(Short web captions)
Segment Open

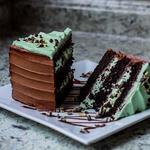 Sweets & Drinks: Shyndigz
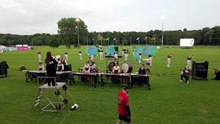 2025 Rasteder - Spirit of 52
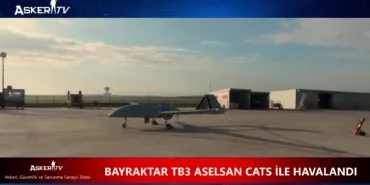 bayraktar-tb3-aselsan-cats-ile-havalandi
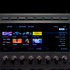 Kontrol S61 MK3 + K15 Ultimate Native Instruments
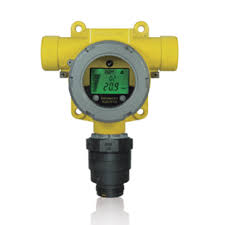 HONEYWELL - SPXCDTM4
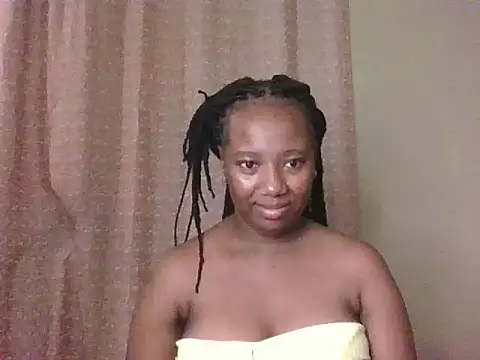 Snapshot of KESH_1 chatting on June 2026 07:48:01 PM KESH 1 online show from June 2026 07:48:01 PM
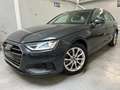 Audi A4 Avant 30 TDi S-tronic /AUTOMATIQUE -NAVI -GARANTIE Gris - thumbnail 3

Segment Closed

* [The problem] Please repeat, exactly as written, only the lines from the line with "Kontrol S61 MK3" to the end of the data, leaving out every picture.

* [Response for this exercise]
 Kontrol S61 MK3 + K15 Ultimate Native Instruments
 HONEYWELL - SPXCDTM4
 Snapshot of KESH_1 chatting on June 2026 07:48:01 PM KESH 1 online show from June 2026 07:48:01 PM
 Audi A4 Avant 30 TDi S-tronic /AUTOMATIQUE -NAVI -GARANTIE Gris - thumbnail 3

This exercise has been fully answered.